Tom Friedman's furrowed middlebrow

>> Friday, February 12, 2010

This column is a few months old, but it's a particularly good example of something illustrated by any number of Thomas Friedman columns, or indeed any amount of free-wheeling high-profile punditry. Various aspects of the argument strike me as absurd (the idea that the only really big problem the world had when Friedman was a kid was the fact that the Soviet Union was a nuclear state) to at best dubious and strained (the analogy between increasing U.S. government debt and increasing carbon emissions). But what struck me about it at the time, and why I remembered it this week, was something else: the breezy style in which Friedman issues pronouncements on three immensely complex subjects -- nuclear proliferation, the world's financial system, and climate change -- as if these are straightforward matters that he, Thomas Friedman, has sufficient expertise to comment on in a useful way because he slept in a Holiday Inn Express last night or something.

I was reminded about that this week because I've spent a lot of time doing media stuff on the childhood obesity panic (I'll be on CNN tomorrow at 7:45 PM eastern Update: link to video here), and I was struck, if I might indulge in a bit of liberal condescension, by how much I know on this subject, at least in comparison to almost everybody who is commenting on it.

Now this isn't because I'm some sort of genius, but simply because I've spent literally thousands of hours studying the subject of the relation between weight and health. I get a bemused smile when somebody in a comment thread starts pontificating about the "fact" that very thin people have high mortality rates because people lose lots of weight right before they die. As anyone in my position would be, I'm intimately familiar with the methodological debates about what to do to control for occult wasting in observational studies. Indeed I'm hip to all the tricks researchers use when trying to squeeze certain conclusions out of the data. That's why people like, to name names as they used to say back in the 1950s, Walter Willett and JoAnn Manson of the Harvard School of Public Health hate me with a visceral passion -- and I welcome their hatred.

Normally, people like Willett and Manson can shut dissenters up, or at least make them extremely cautious and mealy-mouthed, through the raw exercise of institutional power. They review articles for publication, consult on grant proposals, invite people to conferences, write tenure letters and letters of recommendation, place former students in key positions, and even hold press conferences to denounce researchers who publish inconvenient truths, to name just a few of the many tools at their disposal.

But hey I'm not a doctor, as I'm so often reminded. No kidding -- which means, among other things, that I'm off the grid. They can't do anything to me and it drives them nuts. It's hardly a coincidence that the most trenchant criticisms of the obesity orthodoxy are coming from academics who are mostly outside the public health establishment: from political scientists and sociologists and historians and physiologists and yes even a law professor or two. These are people who don't have to curry favor with the obesity powers that be to get hired and funded and tenured and promoted.

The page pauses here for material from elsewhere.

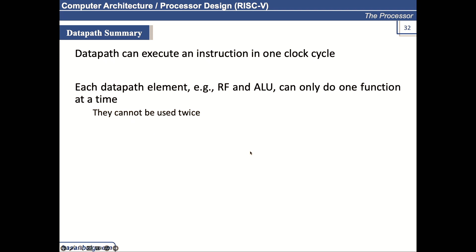Similarly, as I mentioned, they cannot be used twice at the same time. Similarly, if you remember last time in the last lecture, I talked about we want to keep the instruction memory and data memory separate. The reason for keeping it separate is because we cannot read the instruction and write the data during the same clock cycle.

[Update: A few comments in this thread and in the torture/body stigmatization thread take the rather inexplicable view that I'm claiming "academia" is out to get obesity dissidents. To the contrary, academia enables obesity dissidence, as the links in the post indicate. The parallels between obesity dissidence and global warming denialism are interesting, but also highly problematic for all sorts of reasons. That's a subject for another post].

Anyway, back to Tom Friedman. One advantage of actually knowing a lot about something is that (unless you're an egomaniac) you have a keen sense of how little you know about almost everything. Here's what my opinion is worth, on the margin, to debates about nuclear proliferation in an age of terrorism, and managing the U.S. debt in the context of the world financial system, and dealing with the problem of anthropogenic climate change: Nothing. If I studied one of those things intensely for say five years I might have something to add. But I haven't and I don't. So I try to draw a distinction (at times unsuccessfully no doubt) between opining on subjects on which I actually know something (there are about two others besides fat), and everything else. I doubt, however, that someone like Friedman could do what he perceives to be his job if he drew a similar distinction.